# Task data
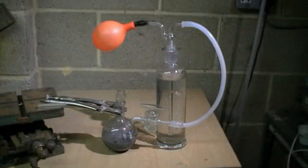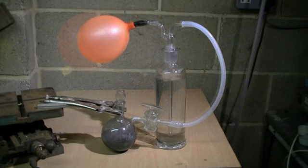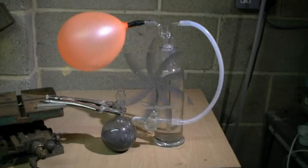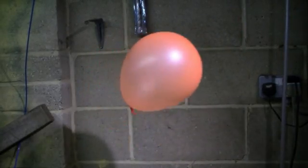If we attach a balloon to the end of our bubbler we can capture the hydrogen gas which is being produced. And of course hydrogen gas is less dense than air, so the balloon floats.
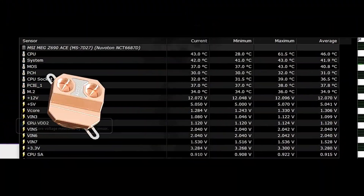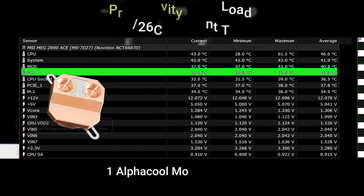We can see here the chipset temperatures are staying pretty stable in that low 30 degrees Celsius range.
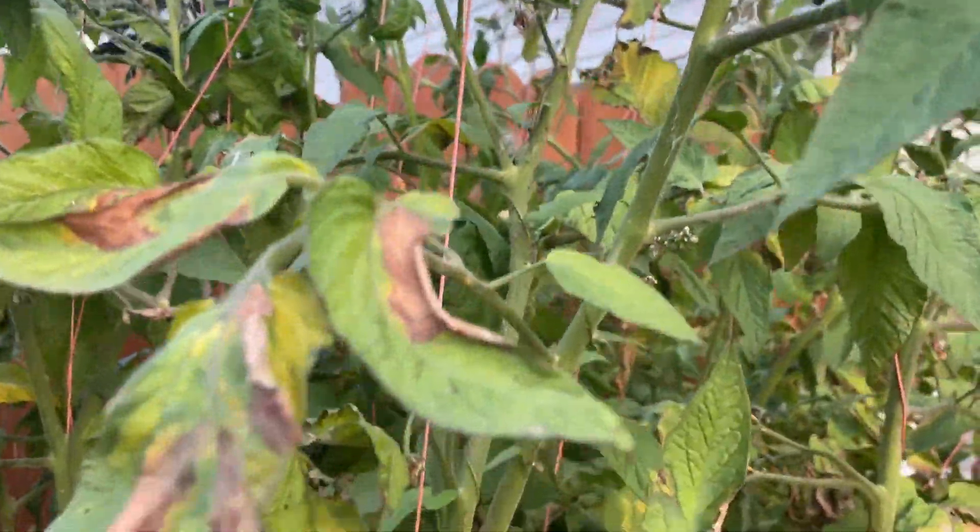Things like blight, on the other hand, you can compost and it will dissipate as long as the tissue is not living. So once we expose our soil to the cold nature of winter here in Canada, we're able to actually purify that soil as best as possible.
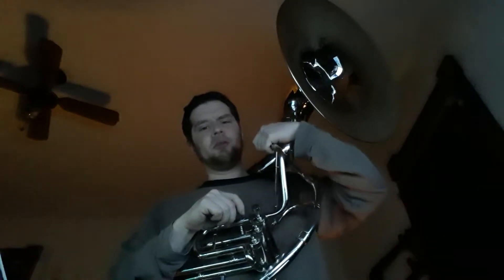Let's compare that to something I'm a little more comfortable with — the stock mouthpiece, which is very small. Let's see how this sounds.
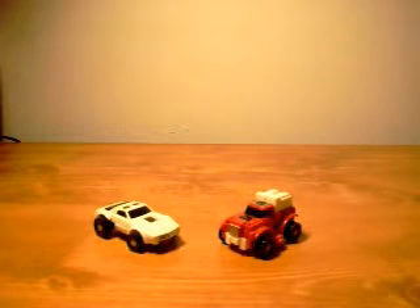Hello everyone, this is Sportamus here with another Transformers review. This time I'm doing a G1 series. These are the minibots, the little ones.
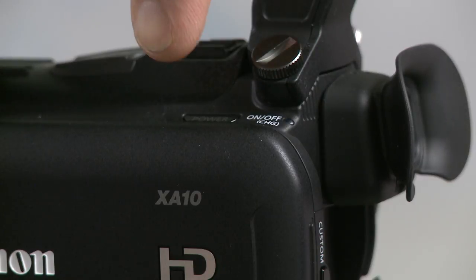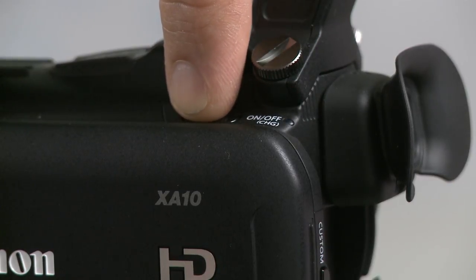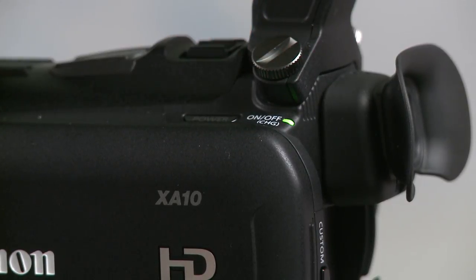The on-off button is located right above the LCD screen on the side of the XA10. Push the power button to turn on the XA10. When it's on, the green light will illuminate.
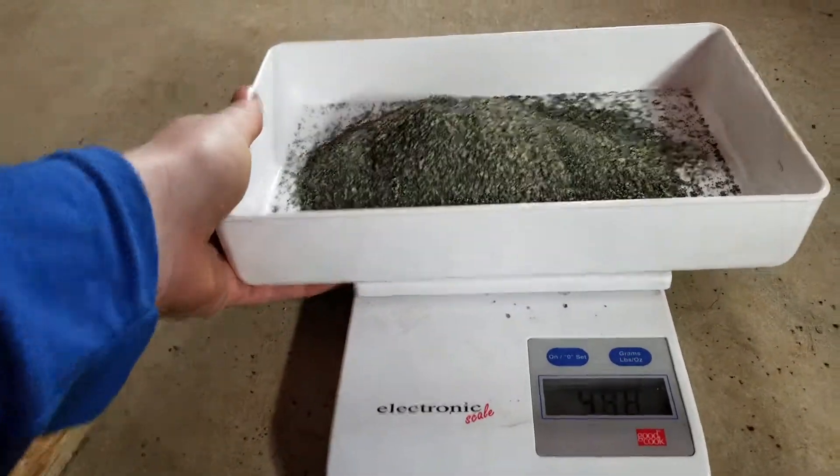Next, I'm going to take the sand from this scale and pour it into my coffee can here.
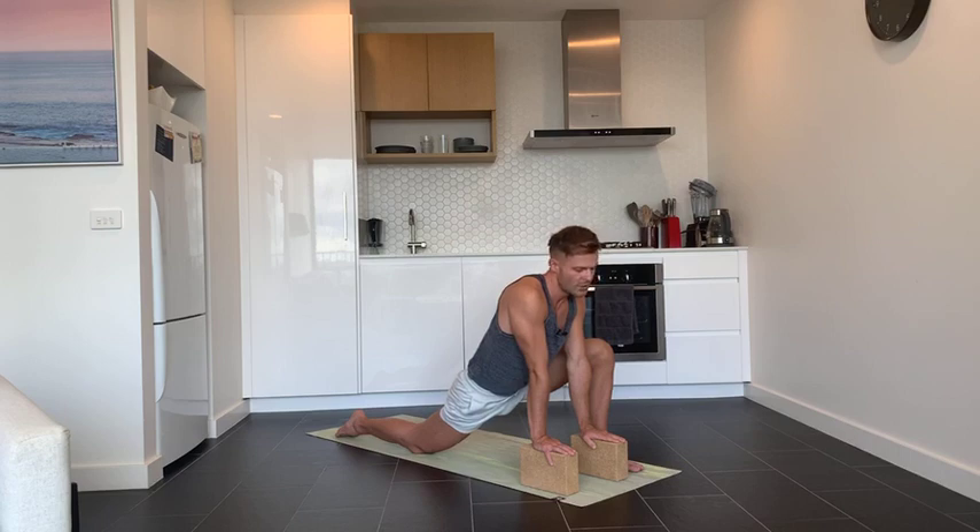The stretching method they used in that study required holding stretches for only 45 seconds to a minute — not two minutes as previously thought. They did one stretch repeated three times for 45 seconds to a minute. Take one more deep inhale and a full exhale.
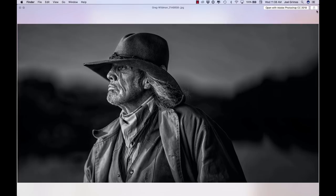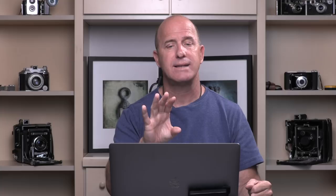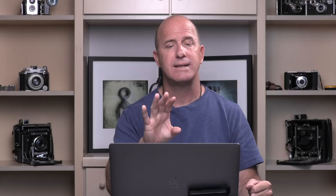I first did just a portrait of Greg, then when the horse got a little fidgety I brought him back and did this shot with Greg sitting on the horse — same light position, just raised up a little to clear the top of the horse's head. The camera I used was a Canon 5D SR with a 24 to 70mm f/2.8 Version 2 lens, which is an extremely sharp lens. I had it on a tripod — I shoot on a tripod all the time because it gives me the sharpest results for my optics. That's how I did it.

# Exercise directions
The range to print runs from the line with "Things like blight, on" through the last line of the entries, both included; keep it exact and skip the pictures.

# Expected answer
Things like blight, on the other hand, you can compost and it will dissipate as long as the tissue is not living. So once we expose our soil to the cold nature of winter here in Canada, we're able to actually purify that soil as best as possible.
Let's compare that to something I'm a little more comfortable with — the stock mouthpiece, which is very small. Let's see how this sounds.
Hello everyone, this is Sportamus here with another Transformers review. This time I'm doing a G1 series. These are the minibots, the little ones.
The on-off button is located right above the LCD screen on the side of the XA10. Push the power button to turn on the XA10. When it's on, the green light will illuminate.
Next, I'm going to take the sand from this scale and pour it into my coffee can here.
The stretching method they used in that study required holding stretches for only 45 seconds to a minute — not two minutes as previously thought. They did one stretch repeated three times for 45 seconds to a minute. Take one more deep inhale and a full exhale.
I first did just a portrait of Greg, then when the horse got a little fidgety I brought him back and did this shot with Greg sitting on the horse — same light position, just raised up a little to clear the top of the horse's head. The camera I used was a Canon 5D SR with a 24 to 70mm f/2.8 Version 2 lens, which is an extremely sharp lens. I had it on a tripod — I shoot on a tripod all the time because it gives me the sharpest results for my optics. That's how I did it.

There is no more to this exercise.